Meglio prevenire che curare. È praticamente questo che nemici come ReverseFlash, Zoom e Savitar hanno insegnato a Barry. L’ansia di voler a tutti i costi trovare un nemico in Clifford DeVoe (Neil Sandilands) scaturisce dalla consapevolezza che se non avesse sottovalutato il suo antagonista all’inizio della battaglia, molte persone sarebbero ancora vive. Per sua stessa ammissione, ora ha molte più cose da perdere: ora è felice. Come si fa a non avere paura che tutto svanisca per la follia di un uomo su una sedia a rotelle? Therefore I Am, diretta da David McWhirter (Blindspot e Supergirl), analizza proprio questa questione, portando alla luce le debolezze di The Flash.
Barry non ci riesce ed inizia a sorvegliare da vicino DeVoe, un uomo apparentemente perfetto, senza nessuna macchia, se non quella di essere una specie di cyborg super intelligente che riesce a sopravvivere solo grazie a una sedia ultramoderna progettata dalla intelligentissima moglie.
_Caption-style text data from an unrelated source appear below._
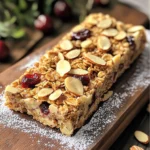 To make Cherry Almond Granola Bars, gather the following ingredients: - 2 cups rolled oats - 1 cup almonds, roughly chopped - 1 cup dried cherries, chopped if large - 1/2 cup honey or maple syrup - 1/4 cup almond butter - 1/2 teaspoon vanilla extract - 1/2 teaspoon ground cinnamon - 1/4 teaspoon salt - 1/4 cup sliced almonds (for topping) These simple ingredients combine to create a tasty and healthy snack. Each granola bar is packed with nutrients. Here is a rough breakdown: - Calories: 150 - Protein: 4 grams - Carbohydrates: 20 grams - Fats: 7 grams - Fiber: 2 grams These bars offer a good balance of energy, protein, and healthy fats. They are perfect for a quick snack or breakfast on the go. If you have allergies, there are great options: - Nuts: Use sunflower seeds or pumpkin seeds instead of almonds. - Sweeteners: Swap honey for agave syrup for a vegan option. - Fruits: Replace dried cherries with raisins or dried cranberries. - Nut Butters: Use sunflower seed butter if almond butter is not safe. These substitutes keep the bars tasty and safe for everyone. Enjoy experimenting with different flavors! To make your Cherry Almond Granola Bars, you need to gather your ingredients. You will need rolled oats, almonds, dried cherries, honey or maple syrup, almond butter, vanilla extract, ground cinnamon, salt, and sliced almonds. This recipe takes about 15 minutes to prepare. 1. Start by preheating your oven to 350°F (175°C). Take an 8x8 inch baking dish and line it with parchment paper. Leave some paper hanging over the edges. This makes it easy to lift the bars out later. 2. In a large mixing bowl, combine 2 cups of rolled oats, 1 cup of roughly chopped almonds, and 1 cup of dried cherries. Add 1/2 teaspoon of ground cinnamon and 1/4 teaspoon of salt. Mix these dry ingredients well. 3. In a small saucepan, heat 1/2 cup of honey (or maple syrup) and 1/4 cup of almond butter over low heat. Stir until the mix is smooth. Take it off the heat and add 1/2 teaspoon of vanilla extract. Mix well. 4. Pour the warm almond butter mixture over your dry ingredients. Stir everything until the oats and nuts are coated. Make sure every bit is sticky and blended well. 5. Move the mixture to the lined baking dish. Press it down firmly into an even layer. Sprinkle 1/4 cup of sliced almonds on top and press them in lightly. Bake your bars in the oven for 20 to 25 minutes. Watch for the edges to turn golden brown. Once they are done, remove them from the oven. Let them cool in the pan for about 10 minutes. After that, use the parchment paper to lift the granola out of the pan. Place it on a wire rack to cool completely. When cool, slice into 16 bars. Enjoy your tasty snack! To make the best cherry almond granola bars, use fresh ingredients. Old oats or nuts can affect the taste. Measure your ingredients carefully for consistency. Mixing the dry ingredients well ensures even flavor. Warm the honey and almond butter enough to blend easily. This will help all the ingredients stick together nicely. Press the mixture firmly into the baking dish. This step helps the bars hold their shape after baking. One common mistake is not pressing down the mixture firmly. If you don’t compact it, the bars may crumble easily. Another mistake is overbaking. Keep an eye on them and remove them when they are golden brown. If you add too many dried cherries, the bars may become too sticky. Balance is key in this recipe. For chewy granola bars, ensure you don’t overbake them. The edges should be golden, but the middle can be slightly soft. The mixture needs enough moisture, so don’t skimp on the almond butter or honey. When cooling, let them rest before slicing. This helps set the bars. For a crunchy texture, bake them a little longer but watch closely. {{image_4}} You can mix flavors to change up your Cherry Almond Granola Bars. Here are some fun ideas: - Chocolate Cherry: Add 1 cup of dark chocolate chips. The chocolate pairs well with cherries. - Peanut Butter Banana: Swap almond butter for peanut butter and add 1 ripe banana. This gives a nice, sweet twist. - Coconut Almond: Stir in 1/2 cup of shredded coconut for a tropical vibe. The coconut adds a chewy texture. Making healthier choices is easy with these substitutions: - Sweeteners: Use agave syrup or coconut sugar instead of honey. Each option has a unique taste. - Oils: Replace almond butter with tahini or sunflower seed butter if you need nut-free bars. - Fruits: Try using dried apricots or cranberries in place of cherries. Each fruit offers a different flavor. Using seasonal ingredients can enhance your bars: - Spring: Add fresh strawberries or diced peaches for a burst of flavor. - Summer: Incorporate blueberries or raspberries when they are at their peak freshness. - Fall: Use dried apples and a pinch of nutmeg for a cozy, autumn taste. You can easily adapt these ideas to your taste. Enjoy mixing and matching! To keep your Cherry Almond Granola Bars fresh, store them in an airtight container. This helps prevent them from becoming stale. You can also wrap each bar in parchment paper. This makes it easy to grab a snack on the go. Keep them in a cool, dry place away from sunlight. When stored properly, these granola bars last up to one week. If you want them to last longer, consider freezing them. This way, you can enjoy the bars beyond the week. Make sure to check for any signs of spoilage before eating. To freeze your granola bars, first slice them into individual pieces. Wrap each bar tightly in plastic wrap or aluminum foil. Place the wrapped bars in a freezer-safe bag. They can last up to three months in the freezer. When you're ready to eat one, thaw it in the fridge overnight or at room temperature for a few hours. To make Cherry Almond Granola Bars vegan, substitute honey with maple syrup. Use almond butter that contains no added ingredients. Ensure all other ingredients are vegan-friendly. This simple swap keeps the bars sweet and tasty without animal products. Yes, you can use other nuts or fruits! Try walnuts, pecans, or cashews for different flavors. For fruits, think about raisins, cranberries, or apricots. Just remember to chop larger fruits to keep the bars easy to eat. To cut granola bars, first, ensure they are completely cool. Use a sharp knife for clean cuts. If you want even pieces, score the bars lightly first. You can also place the bars in the fridge for a bit to make slicing easier. You learned about making cherry almond granola bars. We covered the key ingredients, step-by-step baking, and cool tips. You discovered ways to make them healthy and allergen-friendly. Remember to store them right for the best taste. Whether you try new flavors or freeze extras, these bars fit any need. Enjoy your granola bars, knowing they are tasty and easy to make!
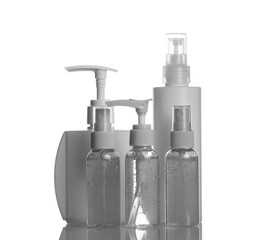 Many hand sanitizer bottles on white table. Alcohol gel antibacterial soap sanitizer, hands disinfection.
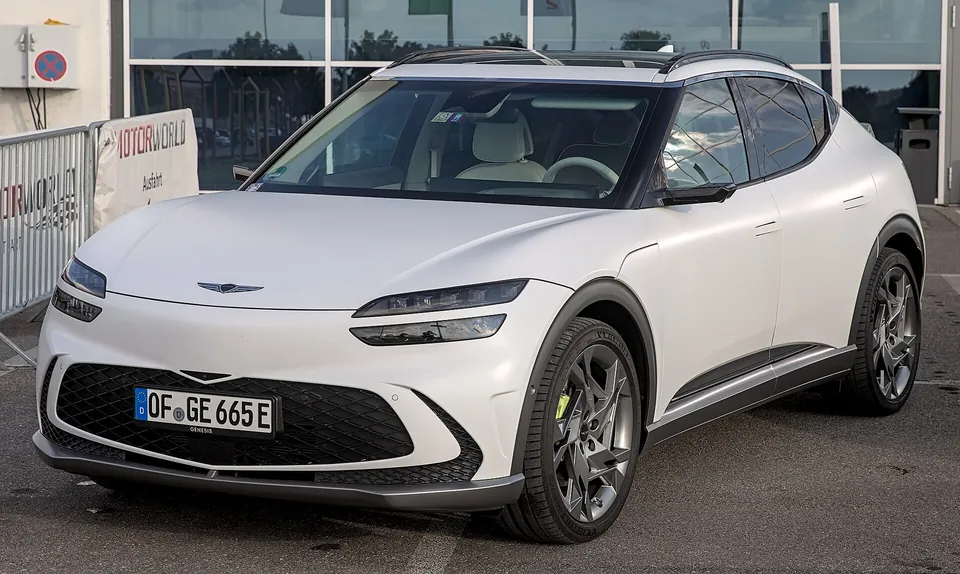 White Genesis GV60 Performance, front three-quarter view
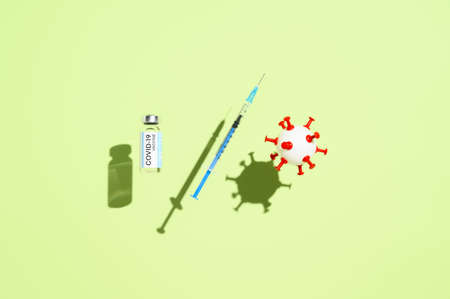 Coronavirus vaccination concept. Vial vaccine, medical syringe, and white ball in form virus,...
Dai flashback risulta alquanto chiaro il ruolo fondamentale di Marlize (Kim Engelbrecht), senza di lei The Thinker non esisterebbe. The Mechanic, era ed è la mano esecutrice dei piani di Clifford, colei che rende reali ed attuabili i progetti partoriti dalla sua super-mente. Il motivo per cui fanno tutto ciò è di certo legato al fatto che DeVoe sta morendo piano piano, in quanto il suo super-cervello lo sta praticamente consumando. La sedia è solo un palliativo momentaneo e lo sanno. Devono aver trovato il modo di assicurarsi la cura definitiva.
Le strade per l’inferno sono lastricate di buone intenzioni. Mai massima fu più vera. Lo scopo di Clifford era solo quello di rendere i ragazzi d’oggi più affascinati dallo studio, voleva essere un insegnante migliore. Un motivo nobile se vogliamo, ma che ha in sé il seme dell’operato di qualsiasi villain, l’imposizione del suo punto di vista. Come e perché si passi da un nobile intento di divulgazione culturale alla creazione di esseri viventi potenzialmente pericolosi per l’umanità, ancora non è dato sapere, ma sono certa che The Thinker avrà sicuramente analizzato ogni minimo particolare per giungere alla conclusione che per raggiungere il suo scopo era necessario sfidare Flash.
Questo nuovo nemico spaventa Barry, come già detto, forse più del dovuto. Come giustamente gli ricorda Iris, non c’è ostacolo che non abbiano superato restando sempre uniti e fedeli a sé stessi. Il grande fardello di un supereroe è rappresentato non tanto dalle persone che hanno perso ma da quello che non hanno fatto perché era la cosa più giusta. Avendo alle spalle un passato pieno di persone che si sono sacrificate per il bene superiore, che quasi sempre coincide con il salvare l’eroe di turno, viene quasi naturale voler proteggere quel che gli è rimasto. Un istinto talmente forte che Barry quasi diventa un’altra persona, una in cui le paure la fanno da padrone tanto da perdere quasi il contatto con la realtà; timori che oscurano il luccichio del tesoro che ti è accanto. All’improvviso, Iris, Joe & co. diventano invisibili, rimane solo un uomo che lotta con le unghie e con i denti per ciò che gli più caro.
Alla fine Barry riesce a dimostrare di avere ragione, ma non basta a cancellare tutta la frustrazione provata durante tutto l’episodio e di certo non riesce a nascondere un fatto molto importante, che in questo particolare momento della sua vita è più debole di quanto non lo sia mai stato, un pasticcino alquanto invitante per un villain con la super-intelligenza.